▸ **Excerpted records**:
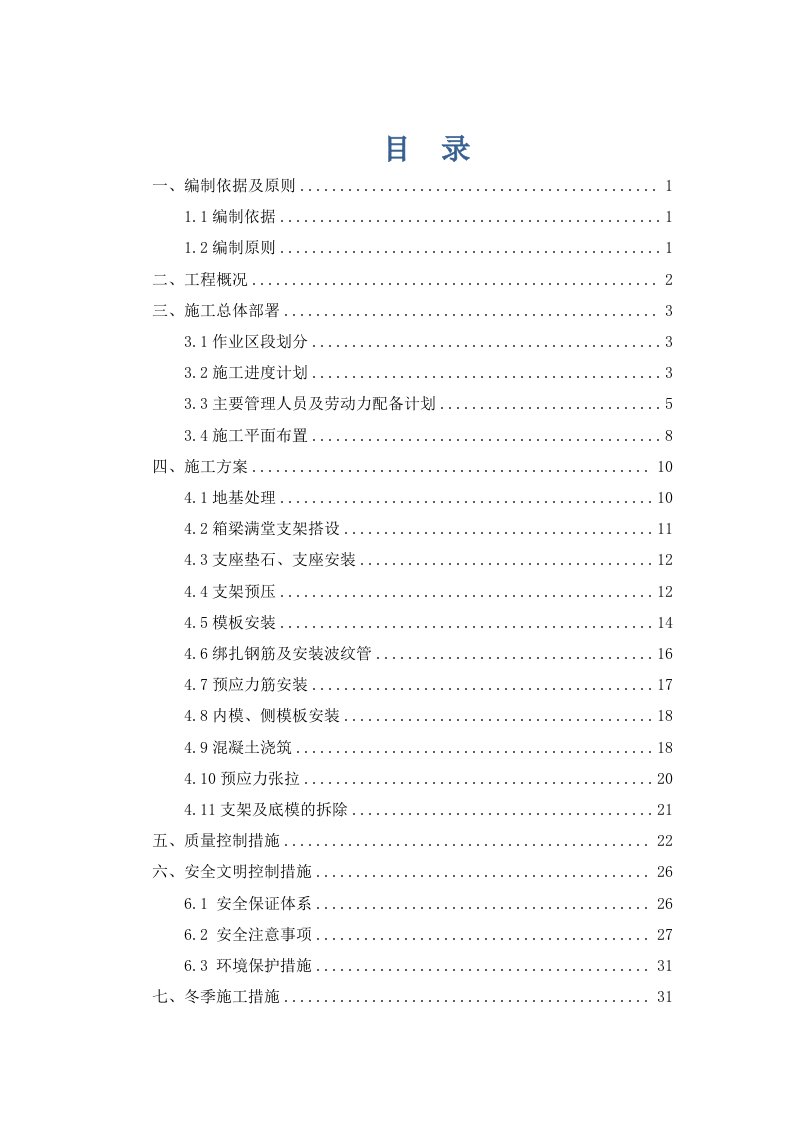 机场站前高架工程施工方案江苏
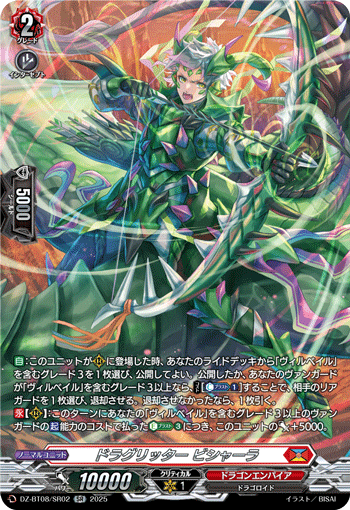 ドラグリッター ビシャーラ「SR」[DZ-BT08/SR02]《ドラゴンエンパイア》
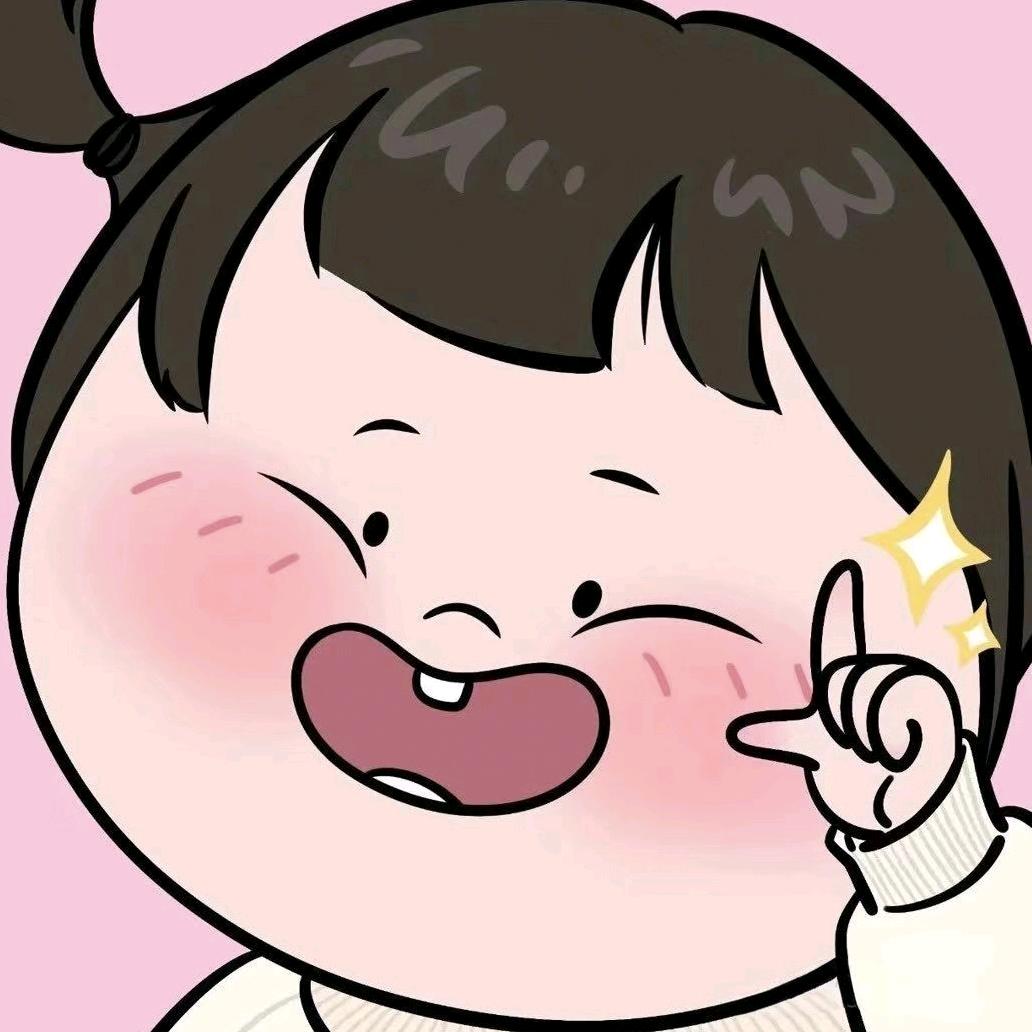 胖妞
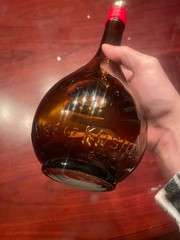 HOUSE of KOSHU Plum Wine bottle(empty) Tokyo, Japan. 3/4 Quart.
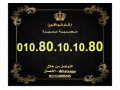 ayh-rayk-fy-alrkm-dh-llbyaa-fodafon-msry-mmyz-gda-ogmyl-okman-mtrtb-small-0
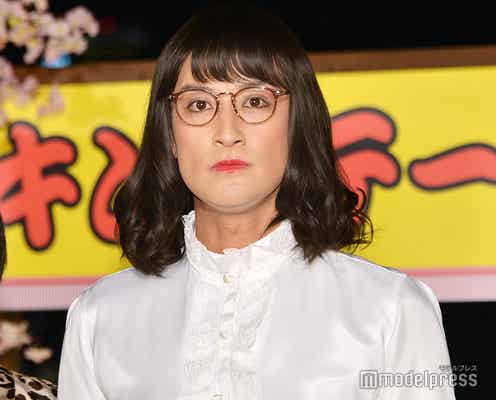 TOKIO松岡昌宏、1年半ぶり“ミタゾノ”復活で「色っぽくなった」と太鼓判押される 久々セルフメイクに手応え<家政夫のミタゾノ>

▸ **Try it**: Transcribe the records above exactly, excluding every picture.

▸ **Your solution**:
 机场站前高架工程施工方案江苏
 ドラグリッター ビシャーラ「SR」[DZ-BT08/SR02]《ドラゴンエンパイア》
 胖妞
 HOUSE of KOSHU Plum Wine bottle(empty) Tokyo, Japan. 3/4 Quart.
 ayh-rayk-fy-alrkm-dh-llbyaa-fodafon-msry-mmyz-gda-ogmyl-okman-mtrtb-small-0
 TOKIO松岡昌宏、1年半ぶり“ミタゾノ”復活で「色っぽくなった」と太鼓判押される 久々セルフメイクに手応え<家政夫のミタゾノ>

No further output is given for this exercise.